Dalam pengertian yang otentik, mimpi adalah jati diri. Sebab mimpi adalah vision, visi adalah bagaimana “penglihatan” kita tentang masa yang akan dikonstruksi di masa mendatang. Masa lalu dan masa kini menjadi blue print kontruksinya, kita belajar dari masa lalu, untuk menjalani hari ini, dan akhirnya merumuskan masa depan.
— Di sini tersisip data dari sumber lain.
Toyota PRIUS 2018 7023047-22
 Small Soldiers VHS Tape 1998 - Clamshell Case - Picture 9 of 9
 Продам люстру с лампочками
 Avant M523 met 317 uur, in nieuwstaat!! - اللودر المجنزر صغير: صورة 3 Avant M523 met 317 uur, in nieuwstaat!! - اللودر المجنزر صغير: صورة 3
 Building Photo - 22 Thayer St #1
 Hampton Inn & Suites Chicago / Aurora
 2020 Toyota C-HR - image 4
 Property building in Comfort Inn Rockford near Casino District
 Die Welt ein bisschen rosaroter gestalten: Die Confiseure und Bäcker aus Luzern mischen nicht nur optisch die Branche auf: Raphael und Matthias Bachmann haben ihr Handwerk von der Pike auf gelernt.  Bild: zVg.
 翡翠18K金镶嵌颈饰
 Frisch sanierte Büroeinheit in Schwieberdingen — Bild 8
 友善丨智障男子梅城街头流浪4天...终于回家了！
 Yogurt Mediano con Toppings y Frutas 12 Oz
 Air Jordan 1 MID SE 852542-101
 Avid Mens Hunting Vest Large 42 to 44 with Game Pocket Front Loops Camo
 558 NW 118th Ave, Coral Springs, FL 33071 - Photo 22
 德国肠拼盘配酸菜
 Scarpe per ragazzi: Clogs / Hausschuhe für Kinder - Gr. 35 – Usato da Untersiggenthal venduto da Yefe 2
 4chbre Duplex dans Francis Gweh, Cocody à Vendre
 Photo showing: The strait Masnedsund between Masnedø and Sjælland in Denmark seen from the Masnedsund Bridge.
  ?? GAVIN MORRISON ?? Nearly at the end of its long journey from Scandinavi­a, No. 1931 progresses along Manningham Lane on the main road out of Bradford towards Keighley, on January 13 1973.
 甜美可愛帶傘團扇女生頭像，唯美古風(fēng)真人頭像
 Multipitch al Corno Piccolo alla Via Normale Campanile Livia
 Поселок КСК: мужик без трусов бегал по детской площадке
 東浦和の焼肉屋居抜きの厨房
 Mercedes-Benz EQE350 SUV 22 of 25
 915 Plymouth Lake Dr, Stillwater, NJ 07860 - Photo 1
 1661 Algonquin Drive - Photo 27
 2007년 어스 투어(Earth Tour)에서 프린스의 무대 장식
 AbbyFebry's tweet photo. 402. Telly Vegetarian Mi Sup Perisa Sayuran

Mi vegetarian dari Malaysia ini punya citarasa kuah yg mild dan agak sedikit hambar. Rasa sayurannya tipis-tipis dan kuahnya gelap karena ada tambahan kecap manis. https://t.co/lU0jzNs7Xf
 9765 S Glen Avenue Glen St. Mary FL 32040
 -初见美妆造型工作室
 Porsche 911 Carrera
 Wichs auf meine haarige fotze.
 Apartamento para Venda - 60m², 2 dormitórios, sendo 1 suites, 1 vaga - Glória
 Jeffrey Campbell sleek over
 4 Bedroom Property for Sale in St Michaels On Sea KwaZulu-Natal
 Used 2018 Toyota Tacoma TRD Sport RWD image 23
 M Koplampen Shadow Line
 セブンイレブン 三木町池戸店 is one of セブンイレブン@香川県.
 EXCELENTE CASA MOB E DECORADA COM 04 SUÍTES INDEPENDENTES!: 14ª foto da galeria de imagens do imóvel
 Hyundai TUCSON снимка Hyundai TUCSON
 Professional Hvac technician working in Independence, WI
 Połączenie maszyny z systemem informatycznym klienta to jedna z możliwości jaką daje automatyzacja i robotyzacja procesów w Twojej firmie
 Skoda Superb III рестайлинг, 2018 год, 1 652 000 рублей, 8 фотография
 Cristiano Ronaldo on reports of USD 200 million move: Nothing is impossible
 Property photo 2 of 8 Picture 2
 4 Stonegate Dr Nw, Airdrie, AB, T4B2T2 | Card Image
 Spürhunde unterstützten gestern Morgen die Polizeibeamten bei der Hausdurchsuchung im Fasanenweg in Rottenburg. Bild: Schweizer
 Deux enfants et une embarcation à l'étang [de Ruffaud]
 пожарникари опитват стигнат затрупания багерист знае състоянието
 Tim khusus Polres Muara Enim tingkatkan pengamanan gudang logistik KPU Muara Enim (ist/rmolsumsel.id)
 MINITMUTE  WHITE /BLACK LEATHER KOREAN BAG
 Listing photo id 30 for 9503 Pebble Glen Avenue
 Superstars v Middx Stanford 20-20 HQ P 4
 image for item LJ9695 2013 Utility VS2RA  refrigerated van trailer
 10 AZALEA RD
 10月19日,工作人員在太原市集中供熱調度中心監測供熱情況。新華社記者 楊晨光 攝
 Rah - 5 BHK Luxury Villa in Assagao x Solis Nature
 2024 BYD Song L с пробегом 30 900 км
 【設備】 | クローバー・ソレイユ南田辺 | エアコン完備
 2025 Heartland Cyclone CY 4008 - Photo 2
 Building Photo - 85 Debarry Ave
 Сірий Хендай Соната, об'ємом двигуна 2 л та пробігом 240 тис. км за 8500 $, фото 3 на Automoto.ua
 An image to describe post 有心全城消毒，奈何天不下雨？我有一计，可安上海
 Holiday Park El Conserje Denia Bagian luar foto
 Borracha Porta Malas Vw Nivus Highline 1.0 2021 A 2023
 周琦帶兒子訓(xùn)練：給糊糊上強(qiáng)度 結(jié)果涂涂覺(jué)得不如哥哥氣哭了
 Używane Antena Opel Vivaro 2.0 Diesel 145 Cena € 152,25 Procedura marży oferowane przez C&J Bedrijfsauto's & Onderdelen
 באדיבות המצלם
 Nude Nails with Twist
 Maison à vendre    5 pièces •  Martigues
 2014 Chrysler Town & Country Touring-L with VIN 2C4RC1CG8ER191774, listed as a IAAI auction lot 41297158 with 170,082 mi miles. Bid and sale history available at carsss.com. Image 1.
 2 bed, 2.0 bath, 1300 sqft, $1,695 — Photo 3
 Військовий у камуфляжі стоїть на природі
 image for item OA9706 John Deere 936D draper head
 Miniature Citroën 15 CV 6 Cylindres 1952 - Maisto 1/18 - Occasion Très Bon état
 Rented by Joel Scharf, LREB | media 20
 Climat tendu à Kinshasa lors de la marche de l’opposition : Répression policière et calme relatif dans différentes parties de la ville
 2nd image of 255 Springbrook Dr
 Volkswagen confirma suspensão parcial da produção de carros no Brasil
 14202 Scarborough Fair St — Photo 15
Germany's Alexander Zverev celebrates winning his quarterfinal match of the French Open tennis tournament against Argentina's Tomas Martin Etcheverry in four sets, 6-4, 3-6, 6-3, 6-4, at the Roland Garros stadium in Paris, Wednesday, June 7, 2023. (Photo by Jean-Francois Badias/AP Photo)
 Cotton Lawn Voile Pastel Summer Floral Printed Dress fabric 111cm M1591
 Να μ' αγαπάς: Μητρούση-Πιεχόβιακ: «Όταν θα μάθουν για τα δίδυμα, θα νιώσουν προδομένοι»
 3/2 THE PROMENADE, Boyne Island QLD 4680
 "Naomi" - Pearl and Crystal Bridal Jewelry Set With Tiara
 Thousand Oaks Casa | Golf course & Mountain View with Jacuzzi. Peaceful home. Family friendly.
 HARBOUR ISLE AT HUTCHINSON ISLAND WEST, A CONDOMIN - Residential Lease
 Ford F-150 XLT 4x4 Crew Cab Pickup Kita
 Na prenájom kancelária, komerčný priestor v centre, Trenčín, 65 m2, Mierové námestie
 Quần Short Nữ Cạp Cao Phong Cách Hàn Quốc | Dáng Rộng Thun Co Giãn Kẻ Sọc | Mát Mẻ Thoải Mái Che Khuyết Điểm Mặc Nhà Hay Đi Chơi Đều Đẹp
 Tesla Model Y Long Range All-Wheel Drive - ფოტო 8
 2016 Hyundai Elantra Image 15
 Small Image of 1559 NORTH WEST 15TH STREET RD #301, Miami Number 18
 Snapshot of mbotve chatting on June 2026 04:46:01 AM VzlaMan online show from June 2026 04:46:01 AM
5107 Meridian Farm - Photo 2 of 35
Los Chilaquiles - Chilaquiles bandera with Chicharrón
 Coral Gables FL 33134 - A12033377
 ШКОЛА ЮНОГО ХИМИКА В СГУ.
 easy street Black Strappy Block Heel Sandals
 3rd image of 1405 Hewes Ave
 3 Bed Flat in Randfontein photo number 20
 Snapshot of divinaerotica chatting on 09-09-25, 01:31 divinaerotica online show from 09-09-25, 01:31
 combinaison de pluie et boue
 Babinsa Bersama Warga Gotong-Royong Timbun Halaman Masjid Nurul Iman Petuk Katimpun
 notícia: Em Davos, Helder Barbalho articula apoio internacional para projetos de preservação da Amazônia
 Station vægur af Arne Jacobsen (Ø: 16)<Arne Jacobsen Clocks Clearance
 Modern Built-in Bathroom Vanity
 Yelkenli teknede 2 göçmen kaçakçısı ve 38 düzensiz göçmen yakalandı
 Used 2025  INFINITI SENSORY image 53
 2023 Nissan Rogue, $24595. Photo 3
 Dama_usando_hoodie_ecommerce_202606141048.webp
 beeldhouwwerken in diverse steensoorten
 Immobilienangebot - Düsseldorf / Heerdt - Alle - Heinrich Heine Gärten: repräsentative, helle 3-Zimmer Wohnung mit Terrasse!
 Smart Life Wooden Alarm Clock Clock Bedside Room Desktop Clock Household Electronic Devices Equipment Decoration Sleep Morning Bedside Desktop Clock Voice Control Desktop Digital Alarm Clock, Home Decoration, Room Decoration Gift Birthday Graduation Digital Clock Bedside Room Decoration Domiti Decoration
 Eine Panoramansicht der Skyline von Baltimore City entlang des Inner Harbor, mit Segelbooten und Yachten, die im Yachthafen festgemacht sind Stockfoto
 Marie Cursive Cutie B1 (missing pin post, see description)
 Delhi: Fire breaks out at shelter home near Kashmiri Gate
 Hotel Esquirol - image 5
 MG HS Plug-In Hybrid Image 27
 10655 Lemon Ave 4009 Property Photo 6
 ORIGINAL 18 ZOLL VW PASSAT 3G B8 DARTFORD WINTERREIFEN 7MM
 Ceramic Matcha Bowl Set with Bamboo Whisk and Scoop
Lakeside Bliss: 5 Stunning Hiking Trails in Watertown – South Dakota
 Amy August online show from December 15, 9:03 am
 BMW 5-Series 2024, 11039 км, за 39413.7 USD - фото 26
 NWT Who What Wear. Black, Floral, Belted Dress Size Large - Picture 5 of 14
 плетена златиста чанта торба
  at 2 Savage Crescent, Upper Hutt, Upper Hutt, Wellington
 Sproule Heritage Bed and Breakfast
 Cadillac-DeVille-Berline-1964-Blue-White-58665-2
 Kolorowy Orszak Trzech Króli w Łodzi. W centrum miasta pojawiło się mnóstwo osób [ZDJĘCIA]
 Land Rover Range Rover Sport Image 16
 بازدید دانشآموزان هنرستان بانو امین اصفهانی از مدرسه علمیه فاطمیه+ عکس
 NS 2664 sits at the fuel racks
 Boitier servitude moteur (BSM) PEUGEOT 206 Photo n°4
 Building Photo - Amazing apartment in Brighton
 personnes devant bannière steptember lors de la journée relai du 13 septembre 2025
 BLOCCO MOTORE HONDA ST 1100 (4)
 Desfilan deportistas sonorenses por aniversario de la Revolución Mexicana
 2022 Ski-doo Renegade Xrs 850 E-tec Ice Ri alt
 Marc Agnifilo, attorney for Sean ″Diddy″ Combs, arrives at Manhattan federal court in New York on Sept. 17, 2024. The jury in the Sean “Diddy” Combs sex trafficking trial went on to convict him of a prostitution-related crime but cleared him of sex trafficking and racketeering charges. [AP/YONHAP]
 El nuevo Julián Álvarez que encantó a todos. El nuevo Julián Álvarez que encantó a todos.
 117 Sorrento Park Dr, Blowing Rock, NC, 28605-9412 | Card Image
Jadi, refleksi (masa lalu) + evaluasi (masa kini) = Visi (masa depan). Sulit dibayangkan bisa melakukan rencana bangunan terhadap masa depan, tanpa dibekali refleksi atas masa lalu, pun tanpa evaluasi atas masa kini, masa depan, hanya sekadar sebuah repetisi.
Tiga hal itu adalah satu paket kehidupan yang tak terpisahkan. Dalam bahasa yang lain, orang menyebutkannya “destiny”. Takdir kita adalah kecakapan dalam menyulam masa lalu, masa kini dan masa depan kira. Disamping, tentu ada space dimana kuasa yang maha kuasa menjelmakan peran. Disanalah peran-Nya sebagai dzat yang maha segala-galanya. Namun, tentu itu tidak secara keseluruhan. Sebab, bukankah tuhan sendiri menekankan aspek usaha dalam diri manusia? Siapa yang dapat mengubah nasib seseorang atau sebuah bangsa, jika bukan mereka sendiri?
Individu yang ber-visi sendiri adalah yang masa lalu, masa kini, dan masa depannya berjalan seiring pada garis yang sama, masa lalunya berada satu jengkal di belakangnya, senantiasa mengiringi masa kininya. Masa lalunya tak boleh tertinggal jauh di belakang, karena ia sangat dibutuhkan sebagai refleksi. Pun demikian dengan masa depannya, berada satu tampak di hadapannya. Ia harus berada sedekat mungkin, agar visi tak berubah wujud menjadi “halusinasi”. Jadi, masa lalu, masa kini dan masa depan adalah iring-iringan “karnaval visi kehidupan”. Perpaduan tiga hal tersebut haruslah professional. Tidak boleh berat sebelah.
Banyak orang yang tak mampu menempatkan tiga hal tersebut secara professional. Sebagian terjebak pada kubangan masa lalu, akhirnya, mereka menjadi seorang pemuja glorifikasi zaman lampau yang sebenarnya sudah tidak relevan lagi. Ada juga yang terlilit oleh tali masa kini, sehingga stagnan. Memang benar, orang seperti itu setidaknya tidak terseret ke masa lalu. Namun, mereka juga tak mampu melangkah ke depan. Mereka mandeg di satu horizon waktu dan tempat.
Selain itu, tak sedikit pula yang justru terlampau jauh melangkah ke depan, tanpa membekali diri dengan refleksi dan evalusi. Konsekuensinya: orang model ini juga terjebak pada satu titik, namun titik jebakannya adalah masa depan. Dengan lain kata, mereka terikat oleh nikmatnya ”halusinasi” yang membumbung tinggi, tak terpijak pada realitas. Halusinasi bukanlah mimpi, apa lagi visi! Hal ini perlu ditegaskan, sebab tidak sedikit orang yang menyamakan antara halusinasi dengan ketiga hal tersebut. Halusinasi “kosong”, sementara visi memiliki “isi”.
Dengan visi hidup, masa depan “terlihat” jelas di hadapan kita. Masa depan menjadi sesuatu yang pe-raih-annya hanya menunggu soal waktu. Ia akumulasi dari pelbagai hal yang sedang kita persiapkan “logistiknya” pada masa kini dan dijamin bukan merupakan repetisi dari masa lalu. Visi adalah penglihatan kita akan masa depan kita. Sudahkah kita memiliki visi hidup? Jika tidak, berarti masa depan kita “tak terlihat”, alias gelap!